We have come to accept that only a small minority of immigrant kids really succeed in school. We have even introduced a separate lower level for schools with a high proportion of disadvantaged children. We think it is normal for Turkish kids to leave the primary school with a two year gap in their language skills compared to the average Dutch kid. We have come to accept that our education is deeply segregated. We have come to accept that in some areas very few kids go to college.We have grown accustomed to something that is totally unacceptable. The money we spend is not an investment in the future of our kids, but an indulgence to buy off our conscience.

But by accepting the status quo we stain the promise that education is the royal way to emancipation.By accepting the status quo we put the privileges of some above the future of the rest.By accepting the status quo we are failing our kids.

To counter this betrayal of our values, I have introduced new norms to assess our schools. From schools with a high proportion of disadvantaged kids, we expect more not less. We want kids from those primary schools to have an equally good chance to go to the highest secondary school as kids in more privileged parts of town. And if schools can’t make that happen we offer them help to raise the quality of their education.

No opportunity society can be built on an economy of segregation.

Progressives should fight for equality of life chances. Success in life should depend on the diligence and talent of the kids, not on the money and the educational level of their parents. But if we really believe in equality of life’s chances, we cannot accept the status quo.We must walk the extra mile, the extra ten miles. We won’t rest until we succeed.

There are many areas where we have grown used to things that are totally unacceptable. We live in a freeriders economy where profits are private but losses are pushed off on the collective. Look at our banks. They gambled with our future. And as long as they won, they kept the gains, but when their lucks changed, the taxpayer paid for their losses. We accept the neoliberal economic structure as a given, instead of fighting its excesses. Ed Miliband was right to address corporate predator behaviour as a huge problem. We accept the fact that under the guise of personal responsibility, government has withdrawn itself from society. We accept that risks are shifted from government to individual citizens. We accept a government that says: the welfare state has become too costly, so we dismiss it.

The same is true for our environment. The price of pollution is not paid by the polluters, but by the next generation. Our companies act once again as free riders who want profit from what we create without contributing to our collective effort .

We have grown used to things that are unacceptable. Why are we so passive in the face of these gross injustices?

Because we were told to believe that because earlier efforts to change the world failed all efforts are doomed. Lack of imagination is sold to us as realism.

But this realism is defeat before the fight.

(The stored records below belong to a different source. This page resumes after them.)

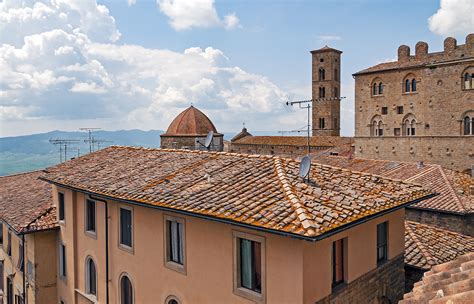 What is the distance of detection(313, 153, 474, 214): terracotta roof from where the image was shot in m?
17.7

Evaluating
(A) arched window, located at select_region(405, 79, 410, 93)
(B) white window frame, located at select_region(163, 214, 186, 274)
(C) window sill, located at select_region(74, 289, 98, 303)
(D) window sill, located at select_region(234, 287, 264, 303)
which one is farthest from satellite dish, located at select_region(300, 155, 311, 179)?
(A) arched window, located at select_region(405, 79, 410, 93)

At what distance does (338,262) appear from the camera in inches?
365

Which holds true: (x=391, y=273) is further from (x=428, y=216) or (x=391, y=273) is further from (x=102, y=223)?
(x=102, y=223)

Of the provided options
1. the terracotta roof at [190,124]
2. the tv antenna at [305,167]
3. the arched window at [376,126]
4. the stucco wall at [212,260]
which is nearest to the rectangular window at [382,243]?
the stucco wall at [212,260]

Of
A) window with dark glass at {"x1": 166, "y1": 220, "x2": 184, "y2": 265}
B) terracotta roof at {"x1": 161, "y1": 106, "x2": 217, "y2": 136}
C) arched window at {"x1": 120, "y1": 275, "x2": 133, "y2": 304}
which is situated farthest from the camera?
terracotta roof at {"x1": 161, "y1": 106, "x2": 217, "y2": 136}

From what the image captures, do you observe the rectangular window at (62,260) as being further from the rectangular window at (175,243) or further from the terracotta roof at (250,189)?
the rectangular window at (175,243)

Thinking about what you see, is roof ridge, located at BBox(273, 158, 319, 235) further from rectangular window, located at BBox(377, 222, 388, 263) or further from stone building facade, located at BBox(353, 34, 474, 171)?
stone building facade, located at BBox(353, 34, 474, 171)

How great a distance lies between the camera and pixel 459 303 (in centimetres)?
439

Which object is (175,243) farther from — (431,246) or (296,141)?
(296,141)

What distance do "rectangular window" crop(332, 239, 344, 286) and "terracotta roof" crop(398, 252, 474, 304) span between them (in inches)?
87.2

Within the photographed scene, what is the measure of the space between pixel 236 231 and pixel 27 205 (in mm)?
15267

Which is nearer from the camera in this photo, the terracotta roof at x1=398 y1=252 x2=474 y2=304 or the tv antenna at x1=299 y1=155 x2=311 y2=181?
the terracotta roof at x1=398 y1=252 x2=474 y2=304

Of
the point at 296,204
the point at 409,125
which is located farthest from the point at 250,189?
the point at 409,125

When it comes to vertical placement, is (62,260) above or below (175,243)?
below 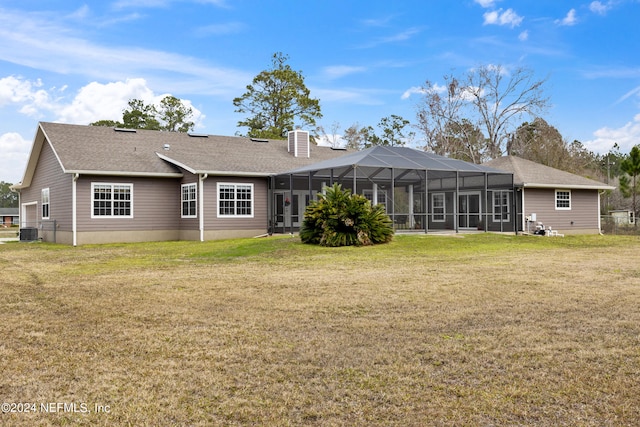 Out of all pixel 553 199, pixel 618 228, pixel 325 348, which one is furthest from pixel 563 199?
pixel 325 348

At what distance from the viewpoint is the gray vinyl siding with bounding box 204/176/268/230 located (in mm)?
22562

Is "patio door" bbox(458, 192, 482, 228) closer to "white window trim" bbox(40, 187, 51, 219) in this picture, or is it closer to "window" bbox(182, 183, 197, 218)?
"window" bbox(182, 183, 197, 218)

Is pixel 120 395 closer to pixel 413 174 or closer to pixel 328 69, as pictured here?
pixel 413 174

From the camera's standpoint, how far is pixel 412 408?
3945 mm

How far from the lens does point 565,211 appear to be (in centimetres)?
2719

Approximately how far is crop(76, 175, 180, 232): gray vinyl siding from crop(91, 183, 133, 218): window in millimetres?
147

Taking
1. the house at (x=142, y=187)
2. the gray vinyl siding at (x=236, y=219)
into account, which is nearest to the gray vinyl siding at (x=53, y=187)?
the house at (x=142, y=187)

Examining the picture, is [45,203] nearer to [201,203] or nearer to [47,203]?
[47,203]

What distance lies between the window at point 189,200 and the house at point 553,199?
534 inches

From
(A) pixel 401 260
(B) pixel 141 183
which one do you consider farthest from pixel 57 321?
(B) pixel 141 183

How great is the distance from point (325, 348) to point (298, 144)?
74.2ft

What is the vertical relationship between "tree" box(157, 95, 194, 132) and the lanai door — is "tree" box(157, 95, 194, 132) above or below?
above

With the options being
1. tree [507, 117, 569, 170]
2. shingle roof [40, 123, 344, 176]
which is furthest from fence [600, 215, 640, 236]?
shingle roof [40, 123, 344, 176]

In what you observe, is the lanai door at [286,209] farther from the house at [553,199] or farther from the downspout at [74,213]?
the house at [553,199] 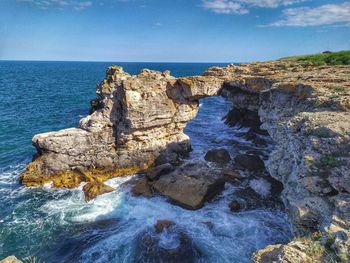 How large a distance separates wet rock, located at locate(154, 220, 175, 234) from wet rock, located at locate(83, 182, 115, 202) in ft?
23.3

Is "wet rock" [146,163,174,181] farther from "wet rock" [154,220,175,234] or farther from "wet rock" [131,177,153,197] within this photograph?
"wet rock" [154,220,175,234]

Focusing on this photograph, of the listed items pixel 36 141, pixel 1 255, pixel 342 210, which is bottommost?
pixel 1 255

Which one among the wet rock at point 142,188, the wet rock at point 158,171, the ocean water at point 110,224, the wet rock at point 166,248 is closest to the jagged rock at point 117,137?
the ocean water at point 110,224

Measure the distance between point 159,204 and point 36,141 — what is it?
13744 mm

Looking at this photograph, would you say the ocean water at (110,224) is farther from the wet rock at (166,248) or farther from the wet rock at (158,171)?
the wet rock at (158,171)

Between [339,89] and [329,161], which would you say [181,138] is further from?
[329,161]

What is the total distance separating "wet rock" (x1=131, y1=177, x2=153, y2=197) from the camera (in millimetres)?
25703

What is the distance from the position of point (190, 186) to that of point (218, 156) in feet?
23.8

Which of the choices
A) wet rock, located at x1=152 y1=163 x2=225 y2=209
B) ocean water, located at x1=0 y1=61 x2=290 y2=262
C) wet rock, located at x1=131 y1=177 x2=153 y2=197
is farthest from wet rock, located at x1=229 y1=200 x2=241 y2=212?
wet rock, located at x1=131 y1=177 x2=153 y2=197

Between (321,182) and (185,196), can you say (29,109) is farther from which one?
(321,182)

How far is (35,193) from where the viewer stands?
87.0ft

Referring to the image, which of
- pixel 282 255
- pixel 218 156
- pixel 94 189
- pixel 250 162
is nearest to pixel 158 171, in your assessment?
pixel 94 189

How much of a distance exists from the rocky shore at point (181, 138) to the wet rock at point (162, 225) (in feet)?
8.08

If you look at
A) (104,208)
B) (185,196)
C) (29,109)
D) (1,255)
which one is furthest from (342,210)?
(29,109) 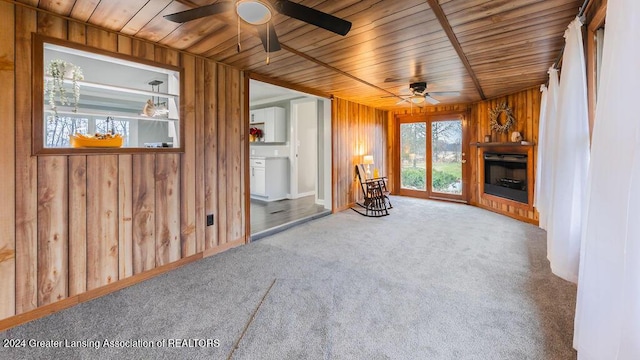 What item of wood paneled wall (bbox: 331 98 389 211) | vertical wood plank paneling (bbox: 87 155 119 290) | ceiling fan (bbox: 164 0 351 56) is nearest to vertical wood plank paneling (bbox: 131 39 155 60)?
vertical wood plank paneling (bbox: 87 155 119 290)

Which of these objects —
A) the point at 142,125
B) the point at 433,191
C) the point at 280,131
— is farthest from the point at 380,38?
the point at 142,125

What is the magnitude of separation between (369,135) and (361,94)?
150 cm

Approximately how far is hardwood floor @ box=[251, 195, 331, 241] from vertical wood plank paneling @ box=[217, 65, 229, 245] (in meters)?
0.52

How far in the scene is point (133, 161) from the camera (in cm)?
255

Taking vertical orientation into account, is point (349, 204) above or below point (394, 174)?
below

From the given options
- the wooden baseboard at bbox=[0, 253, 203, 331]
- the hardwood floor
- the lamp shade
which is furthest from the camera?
the lamp shade

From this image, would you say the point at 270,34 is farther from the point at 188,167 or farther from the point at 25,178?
the point at 25,178

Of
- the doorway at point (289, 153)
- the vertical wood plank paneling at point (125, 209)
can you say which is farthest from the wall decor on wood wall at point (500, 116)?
the vertical wood plank paneling at point (125, 209)

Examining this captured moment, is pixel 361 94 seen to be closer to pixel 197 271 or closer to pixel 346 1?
pixel 346 1

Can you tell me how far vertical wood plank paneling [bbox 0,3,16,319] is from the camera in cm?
189

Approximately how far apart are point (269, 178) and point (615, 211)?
5.59 metres

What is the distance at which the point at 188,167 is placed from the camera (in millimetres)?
2959

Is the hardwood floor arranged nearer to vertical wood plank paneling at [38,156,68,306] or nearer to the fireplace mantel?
vertical wood plank paneling at [38,156,68,306]

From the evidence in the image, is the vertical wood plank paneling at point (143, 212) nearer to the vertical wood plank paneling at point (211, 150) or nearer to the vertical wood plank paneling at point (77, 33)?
the vertical wood plank paneling at point (211, 150) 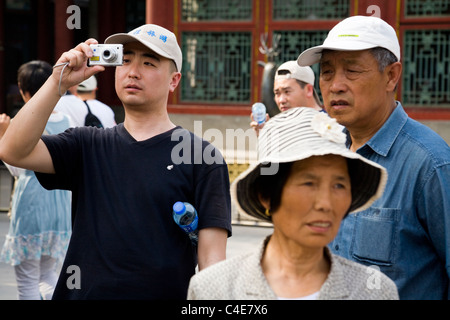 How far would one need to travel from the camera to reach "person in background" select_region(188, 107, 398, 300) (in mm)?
1839

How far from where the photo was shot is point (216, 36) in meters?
9.08

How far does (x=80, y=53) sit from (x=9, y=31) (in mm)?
11817

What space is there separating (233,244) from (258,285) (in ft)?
18.3

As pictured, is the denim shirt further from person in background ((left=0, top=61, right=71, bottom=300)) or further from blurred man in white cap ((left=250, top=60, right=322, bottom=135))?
person in background ((left=0, top=61, right=71, bottom=300))

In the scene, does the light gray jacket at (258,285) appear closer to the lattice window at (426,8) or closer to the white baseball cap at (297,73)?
the white baseball cap at (297,73)

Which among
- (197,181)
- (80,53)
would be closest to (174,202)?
(197,181)

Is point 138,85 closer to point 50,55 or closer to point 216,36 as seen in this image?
point 216,36

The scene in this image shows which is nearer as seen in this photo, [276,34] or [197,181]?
[197,181]

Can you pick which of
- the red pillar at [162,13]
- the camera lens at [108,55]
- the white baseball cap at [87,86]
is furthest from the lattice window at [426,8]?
the camera lens at [108,55]

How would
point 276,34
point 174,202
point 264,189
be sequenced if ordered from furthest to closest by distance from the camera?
1. point 276,34
2. point 174,202
3. point 264,189

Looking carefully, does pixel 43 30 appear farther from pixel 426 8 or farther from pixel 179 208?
pixel 179 208

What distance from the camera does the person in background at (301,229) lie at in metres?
1.84

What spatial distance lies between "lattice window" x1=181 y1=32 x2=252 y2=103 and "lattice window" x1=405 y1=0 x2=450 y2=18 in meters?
2.04

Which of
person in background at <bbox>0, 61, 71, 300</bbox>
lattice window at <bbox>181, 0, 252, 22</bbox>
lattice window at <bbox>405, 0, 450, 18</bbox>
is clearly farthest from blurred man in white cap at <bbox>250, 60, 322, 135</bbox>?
lattice window at <bbox>181, 0, 252, 22</bbox> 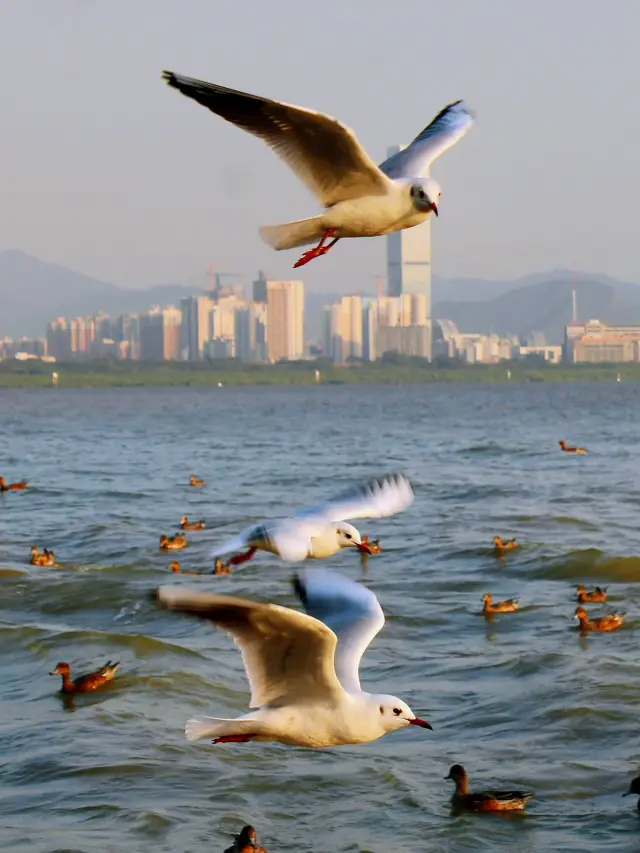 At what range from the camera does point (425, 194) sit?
25.1 feet

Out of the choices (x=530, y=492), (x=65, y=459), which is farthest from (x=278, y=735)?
(x=65, y=459)

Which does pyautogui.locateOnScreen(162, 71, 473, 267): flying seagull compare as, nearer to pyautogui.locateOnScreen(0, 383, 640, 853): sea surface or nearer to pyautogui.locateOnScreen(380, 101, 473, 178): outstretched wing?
pyautogui.locateOnScreen(380, 101, 473, 178): outstretched wing

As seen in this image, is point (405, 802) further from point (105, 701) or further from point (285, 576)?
point (285, 576)

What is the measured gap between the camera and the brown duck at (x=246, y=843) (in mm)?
11391

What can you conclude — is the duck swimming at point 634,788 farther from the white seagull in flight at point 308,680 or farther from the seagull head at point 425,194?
the seagull head at point 425,194

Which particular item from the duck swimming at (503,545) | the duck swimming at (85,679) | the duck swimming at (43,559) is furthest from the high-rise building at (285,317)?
the duck swimming at (85,679)

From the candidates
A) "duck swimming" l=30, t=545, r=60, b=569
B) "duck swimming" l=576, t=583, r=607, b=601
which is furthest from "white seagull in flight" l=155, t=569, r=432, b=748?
"duck swimming" l=30, t=545, r=60, b=569

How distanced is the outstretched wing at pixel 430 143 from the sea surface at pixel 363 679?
426 centimetres

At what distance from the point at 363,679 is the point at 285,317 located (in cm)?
16134

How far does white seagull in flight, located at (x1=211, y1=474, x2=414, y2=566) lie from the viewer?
8.96 meters

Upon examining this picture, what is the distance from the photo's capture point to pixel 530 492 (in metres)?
40.2

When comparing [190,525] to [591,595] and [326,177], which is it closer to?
[591,595]

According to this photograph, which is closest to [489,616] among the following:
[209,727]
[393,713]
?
[393,713]

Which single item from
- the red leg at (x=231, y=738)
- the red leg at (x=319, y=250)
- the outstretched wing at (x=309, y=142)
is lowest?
the red leg at (x=231, y=738) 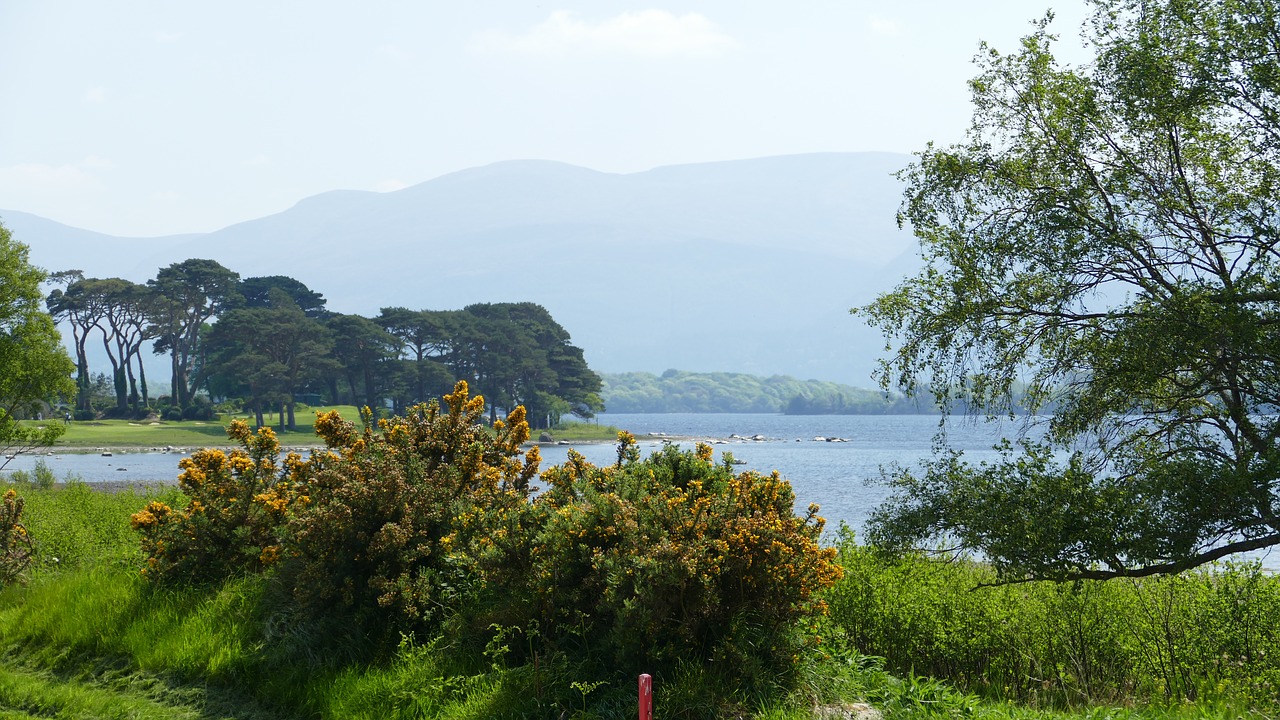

We must learn from mistakes of the past, not to sell out our values, but to find new ways to serve them.

If we as progressives want to take back the political initiative, we must go back to our natural inclinations.

Making progressives matter again starts with making progressives care again.

We must not and cannot accept the bureaucratic design of the public good. We must reinvent it.

We must not defend the status quo, but challenge it. And yes, finally we see some revolutionary energy, some anger towards the status quo. The occupy wall street movement has spread around the globe. Only waiting for a serious progressive agenda of reform.

I ask you to become what you deep down have always been.

A progressive,Someone who is interested in the common good, not in his individual successSomeone who wants to unite people to make them gain control, not divide people to make them lose control. Someone who is inspired by hope, not intimidated by fear.

The welfare state will not become an opportunity society by technocratic modernization, but by winning elections and fighting for change.

I ask you to become a boy again. A boy with dreams. A boy with ambition.A boy who wants to play in the major league, not the second division.A boy who wants to be fireman, not a bookkeeper.A boy who want to be the boss, not the deputy.